Leverage/outliers in large data sets

noetsi

Fortran must die
#1
Typically discussions of these and their impact on regression deal with individual points. Commonly I have 10-30 thousand data points and its unlikely that one point will have a large impact. But I have many outliers and jointly a set of such points might influence the results.

So how do you tell if a set, not one, outlier is influencing the results (ideally in terms of leverage).
 

lken

New Member
#2
I this case I would say looking at your data graphically might be a better option than relying on packages to calculate outliers for you.

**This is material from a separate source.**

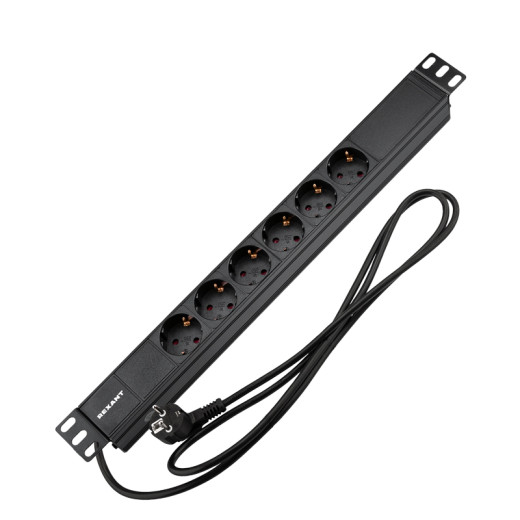 Блок распределения питания PDU горизонтальный 1U 6 розеток СЕЕ 7/4 Schuko 16A без выкл алюм корп шнур 2м вилка СЕЕ 7/7 Schuko черный REXANT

Or, you can try to use stats to create critical cut off values for outliers (from stack overflow): Lund, R. E. 1975, "Tables for An Approximate Test for Outliers in Linear Models", Technometrics, vol. 17, no. 4, pp. 473-476. and Prescott, P. 1975, "An Approximate Test for Outliers in Linear Models", Technometrics, vol. 17, no. 1, pp. 129-132
 

hlsmith

Omega Contributor
#3
Per my own thoughts which may mirror Iken's links, you may think about temporarily removing the upper or lower ?tile observations and see if there is an affect. ?tile = whatever percentile you decided to define. Also, given the graphical approach you may be able to Color code these ?tiles observation in your graph and if they are way out on the fringe you can better understand them.
 

Miner

TS Contributor
#4
Are you able to attribute these outliers to an assignable cause that would allow you to legitimately remove them? Have you considered robust regression methods?